There are certainly parallels that can be drawn between the CIA’s Iraq flop and Brigadier Peter Magosi’s P100 billion ‘theft’ claim by Welheminah ‘Butterfly’ Maswabi and associates. Firstly, they were primarily driven by political (electioneering) rather than security considerations. And secondly, they ended up in national embarrassment and foreign policy disaster. In our case, the issue has not only driven a wedge deep between Botswana and South

Africa, it has also given the latter, pretext to openly support former president Ian Khama’s ‘destabilization’ efforts. The lesson is, security and intelligence services, the need for which cannot be in doubt, must not become a ‘state within the state,’ exempted from accountability for their actions. Such lack of accountability leads to a dangerous culture of impunity, which undermines the very foundations of democratic institutions. The last thing the nation’s leaders should do is to mistake political opinion, to homeland security threat. As thus, it is critical to identify what national security is not.

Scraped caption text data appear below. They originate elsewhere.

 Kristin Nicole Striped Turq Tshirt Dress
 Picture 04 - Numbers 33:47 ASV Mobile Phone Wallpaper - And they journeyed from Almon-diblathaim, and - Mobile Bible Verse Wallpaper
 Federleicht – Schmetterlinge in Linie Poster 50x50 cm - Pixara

With the 2024 general election approaching, so are false alarms, false flag operations, imagined threats and outrageous lies. The fundamental commonality between Kgosi and Magosi’s DIS, is their ardent believe in the employment of fear as an instrument of control. The divergence being, on where and how to apply it. While Kgosi applied it on the general populace, Magosi seems to be applying it on President Mokgweetsi Masisi. As far as I am concerned, Masisi is a helpless victim of fear and blackmail. He is constantly reminded by his top spy of an ever-present danger of imaginary assassins lurking in shadows and ready to pull the trigger. And Khama and Kgosi are his best bogeymen.

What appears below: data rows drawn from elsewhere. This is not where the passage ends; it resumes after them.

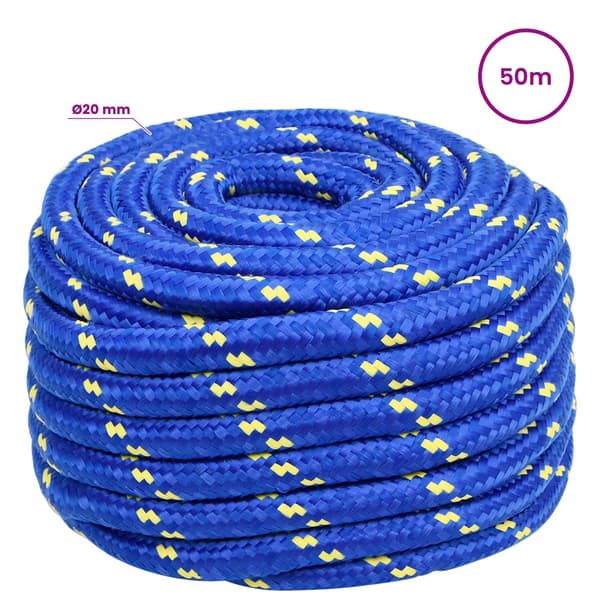 Mångsidigt bruksrep 20 mm 50 m Blå PP 2400 kg Maxbelastning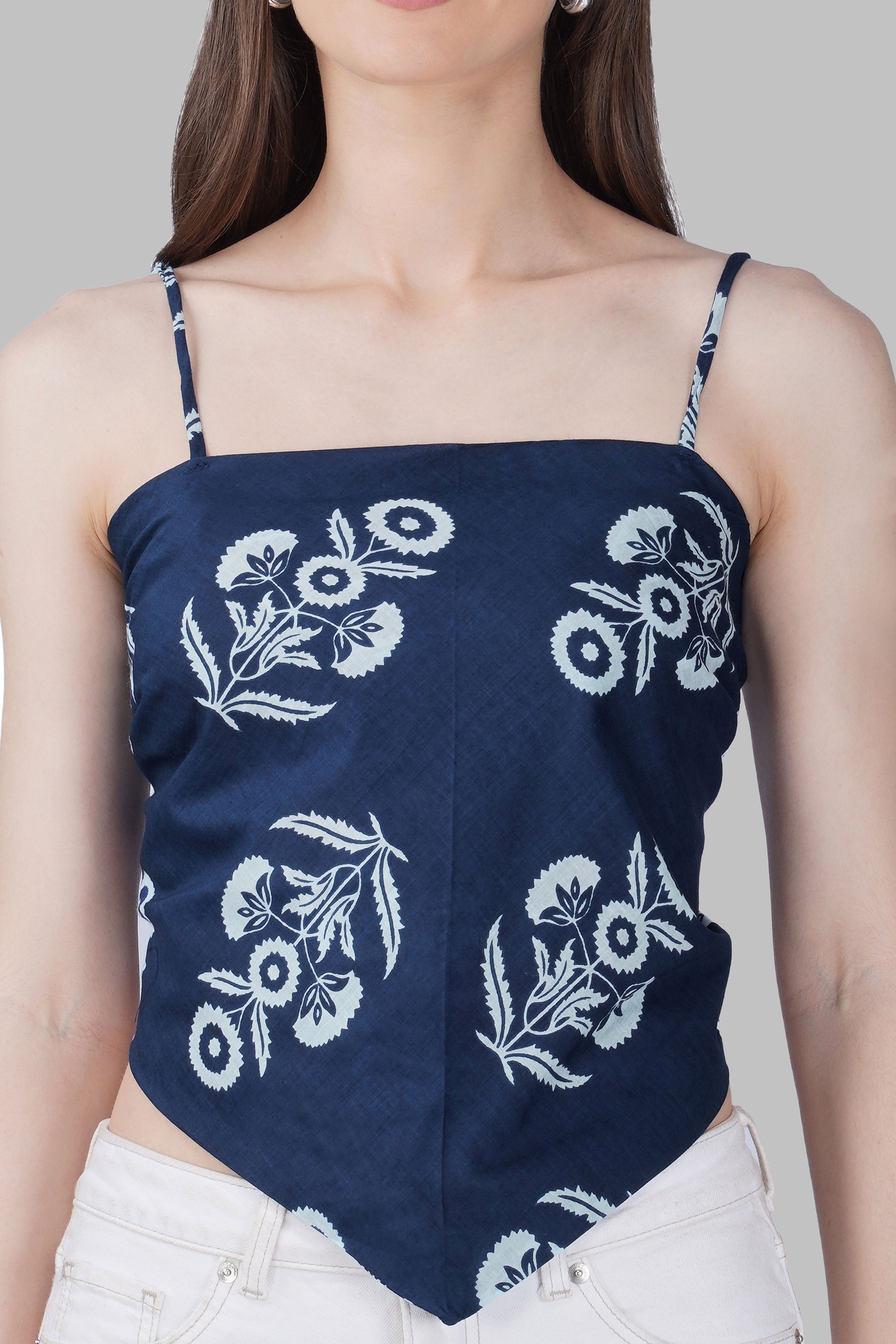 Navy Blue Cotton Printed Scarf Top
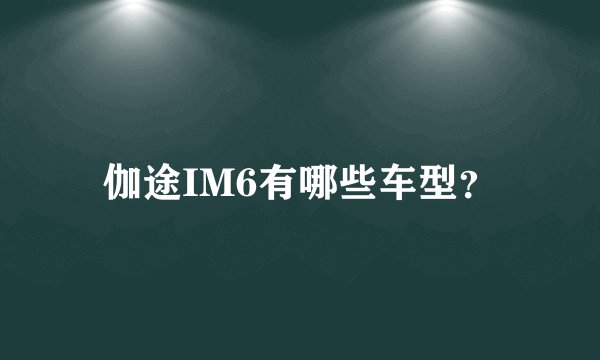 伽途IM6有哪些车型？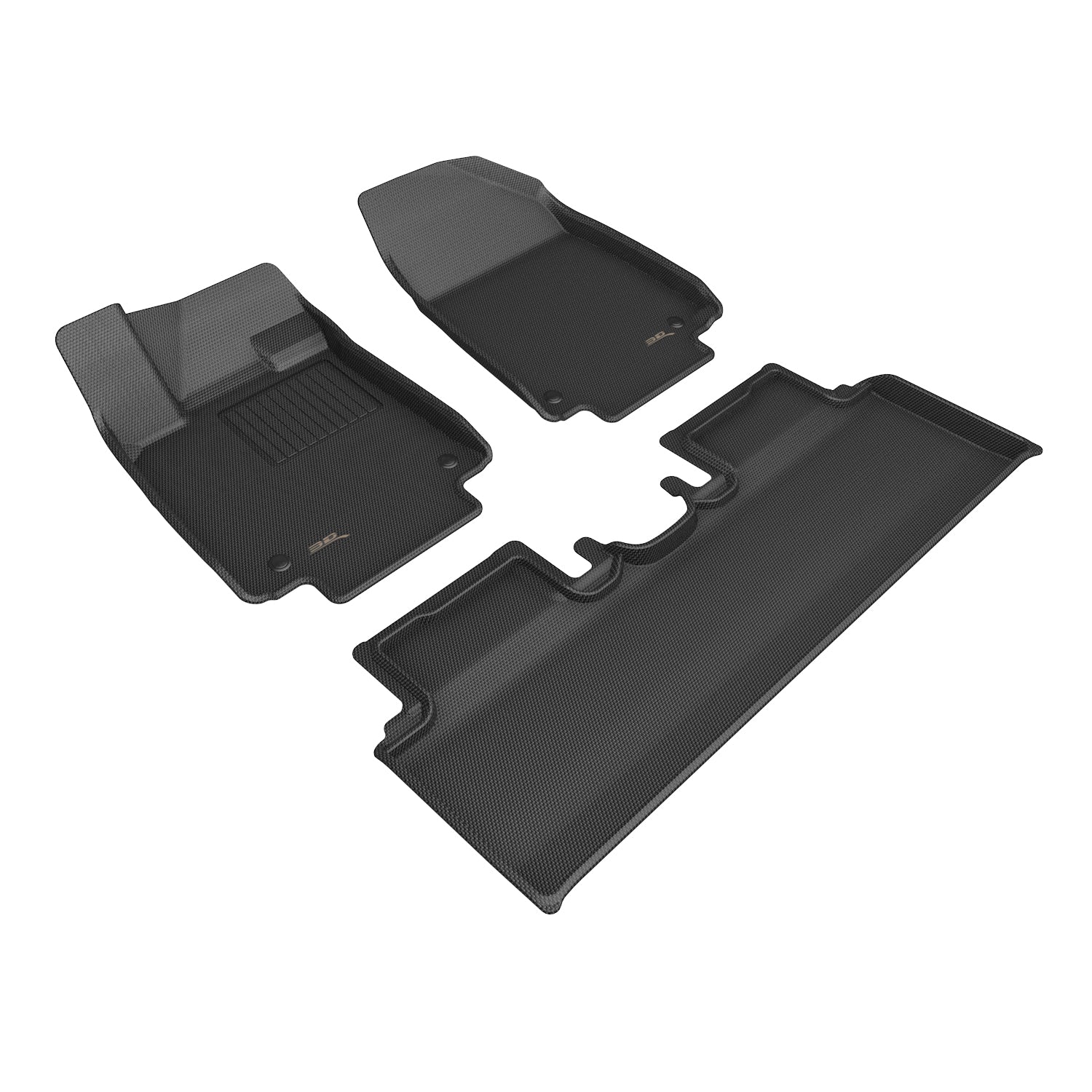 3D Maxpider 2023 Hyundai Ioniq 6 1st 2nd Row Kagu Floor Mats Carbon Fiber Embossed Pattern Black L1HY13401509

And they too are playing the role to perfection. Why not, after all, at one point, Magosi was the bogeyman. They have just swapped the roles. I even doubt Magosi wants to see Khama and Kgosi out of this soap opera anytime soon. They are the very reason he is here. Their demise, is his demise.

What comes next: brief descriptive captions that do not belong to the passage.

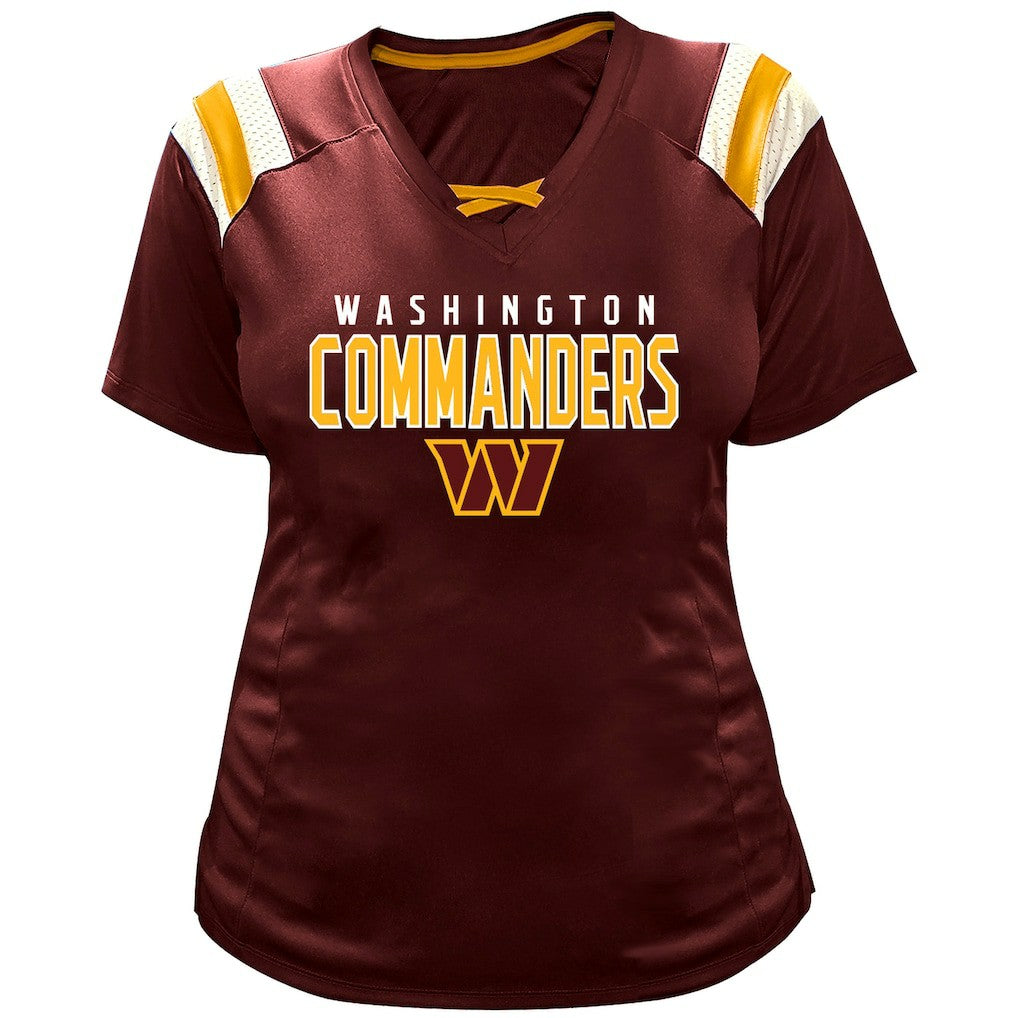 Jayden Daniels  Women's Plus Size Name & Number Raglan Lace V-Neck T-Shirt - Washington Commanders T-shirts
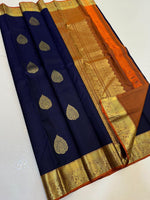 Load image into Gallery viewer, Classic Midnight Blue &amp; Orange Elegance Kanchipuram Handloom Silk Saree SS24325
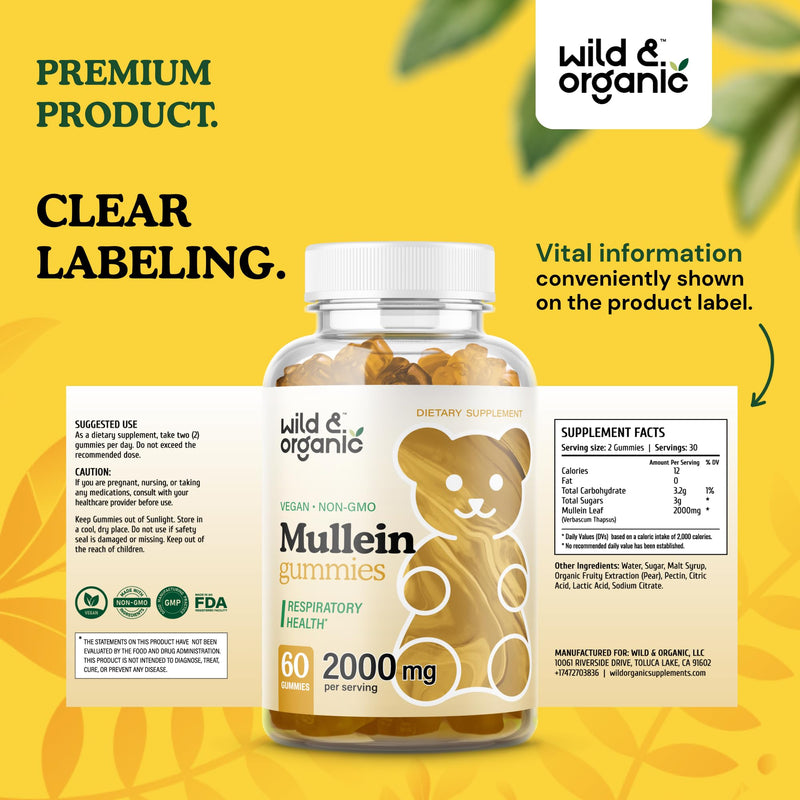 [Australia] - Mullein Gummies for Lung Cleanse and Detox 2000mg - Lung Support Supplement - Organic Mullein Leaf for Lung Health - Mullein Gummies for Lungs - 60 Mullein Leaf Gummies w/Pectin - Mullein Lung Detox 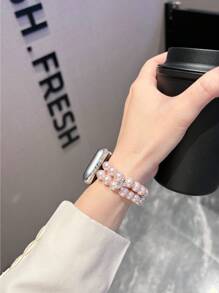 1入組巴洛克珍珠和蝴蝶裝飾手錶帶 兼容蘋果手錶s9 45mm/87654,適用於38mm/40mm/41mm/42mm/49mm的智能手錶皮帶和手鐲 - 均碼 - 查看 6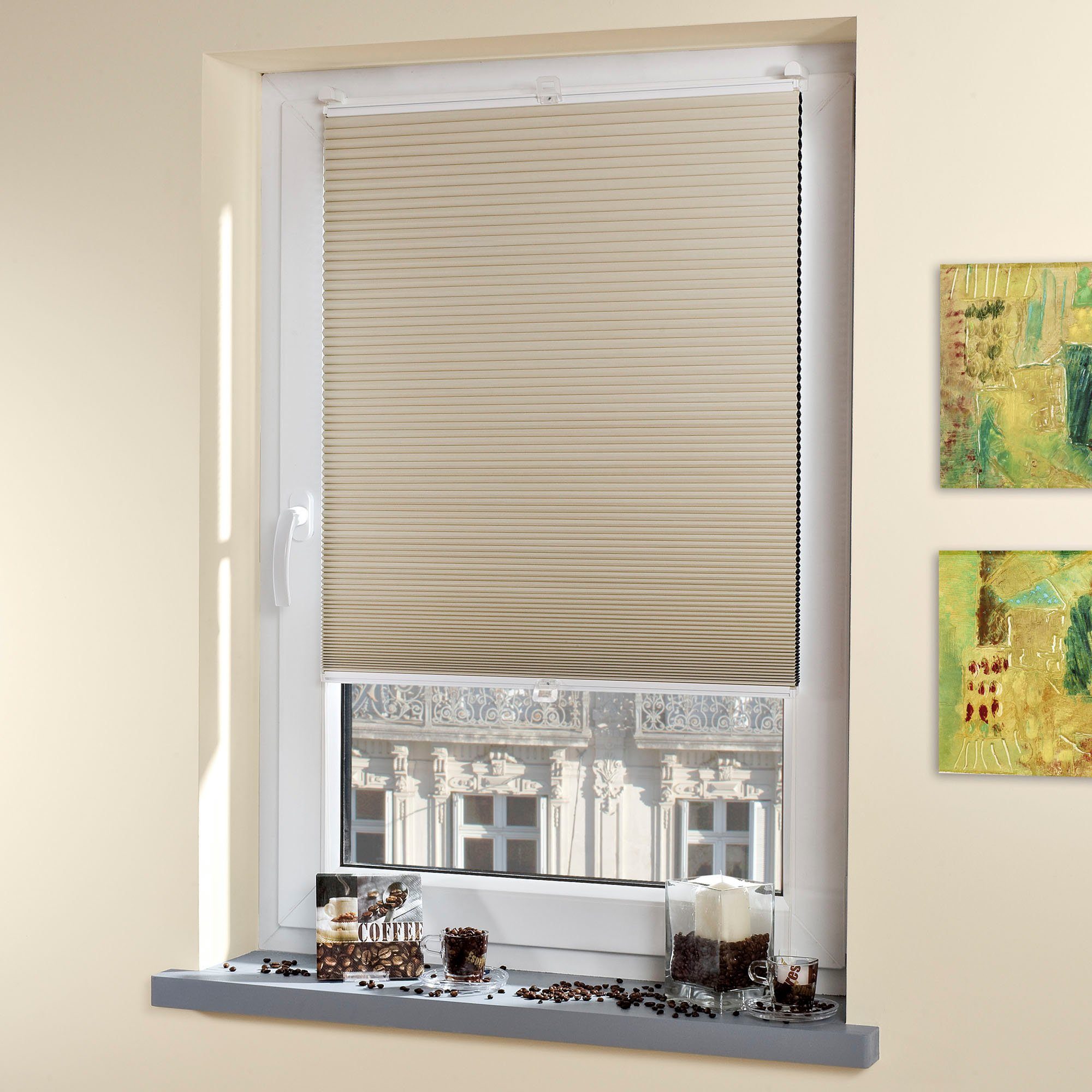 Liedeco Plissee Klemmfix-Thermo-Plissee, Lichtschutz, ohne Bohren, verspannt, Klemmfix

Since Masisi took office in 2018, he has been constantly sold the story of how his life is in grave danger. If indeed there is an active and imminent threat against the President, why has it been allowed to linger for this long, unless it is imaginary. Under normal circumstances, we must be talking about that threat in past tenses.

Otherwise, it would mean Magosi is incompetent, of which there is little or nothing proving otherwise. Awkwardly, the very man who has been preaching to us, how much the life of the President is in danger, allows him to drive himself around and about. It then becomes safe for us to conclude that, these ‘threats’ are engineered towards instilling fear in Masisi, while at the same time, extracting public sympathy for him and the ruling BDP. Blackmail is intelligence agencies’ most preferred deception tool. President Masisi must not allow fear to anchor his psychosis and policy formulation. He must remain resolute and where possible, demand evidence beyond word of mouth, because once bitten twice shy.